TASK REQUIREMENTS:
Set out exactly every line of the entries below, starting at the line that holds "Sometimes a building" and stopping after the line that holds "Welcome to another".

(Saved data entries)

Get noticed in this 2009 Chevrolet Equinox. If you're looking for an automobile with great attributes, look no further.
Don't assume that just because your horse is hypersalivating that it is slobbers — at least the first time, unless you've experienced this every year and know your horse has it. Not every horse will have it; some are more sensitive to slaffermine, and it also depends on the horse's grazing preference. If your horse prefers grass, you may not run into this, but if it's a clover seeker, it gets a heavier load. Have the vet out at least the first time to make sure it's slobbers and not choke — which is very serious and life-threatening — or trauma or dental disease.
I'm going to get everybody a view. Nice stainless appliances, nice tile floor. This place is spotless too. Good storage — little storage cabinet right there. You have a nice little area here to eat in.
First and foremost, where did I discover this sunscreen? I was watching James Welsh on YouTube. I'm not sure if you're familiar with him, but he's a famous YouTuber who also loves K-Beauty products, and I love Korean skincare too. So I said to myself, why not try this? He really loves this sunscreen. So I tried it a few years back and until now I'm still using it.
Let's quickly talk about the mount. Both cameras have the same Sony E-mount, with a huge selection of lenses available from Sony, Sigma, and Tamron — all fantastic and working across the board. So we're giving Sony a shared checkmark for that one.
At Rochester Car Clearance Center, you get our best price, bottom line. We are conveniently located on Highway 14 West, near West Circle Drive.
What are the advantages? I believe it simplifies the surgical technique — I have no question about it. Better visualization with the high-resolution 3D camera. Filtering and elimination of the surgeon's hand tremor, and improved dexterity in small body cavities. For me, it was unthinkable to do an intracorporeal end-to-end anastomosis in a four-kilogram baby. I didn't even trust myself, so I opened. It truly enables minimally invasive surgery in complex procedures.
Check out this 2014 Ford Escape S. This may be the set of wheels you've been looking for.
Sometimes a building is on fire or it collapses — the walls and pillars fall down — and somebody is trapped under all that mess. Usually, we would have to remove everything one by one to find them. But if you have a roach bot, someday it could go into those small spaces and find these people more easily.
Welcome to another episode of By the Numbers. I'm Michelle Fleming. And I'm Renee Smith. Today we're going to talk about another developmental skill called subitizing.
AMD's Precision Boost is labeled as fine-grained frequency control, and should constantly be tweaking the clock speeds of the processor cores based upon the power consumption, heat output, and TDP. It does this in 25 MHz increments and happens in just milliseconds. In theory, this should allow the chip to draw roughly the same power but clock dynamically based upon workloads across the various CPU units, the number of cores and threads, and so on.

RESPONSE TO THIS EXERCISE:
Sometimes a building is on fire or it collapses — the walls and pillars fall down — and somebody is trapped under all that mess. Usually, we would have to remove everything one by one to find them. But if you have a roach bot, someday it could go into those small spaces and find these people more easily.
Welcome to another episode of By the Numbers. I'm Michelle Fleming. And I'm Renee Smith. Today we're going to talk about another developmental skill called subitizing.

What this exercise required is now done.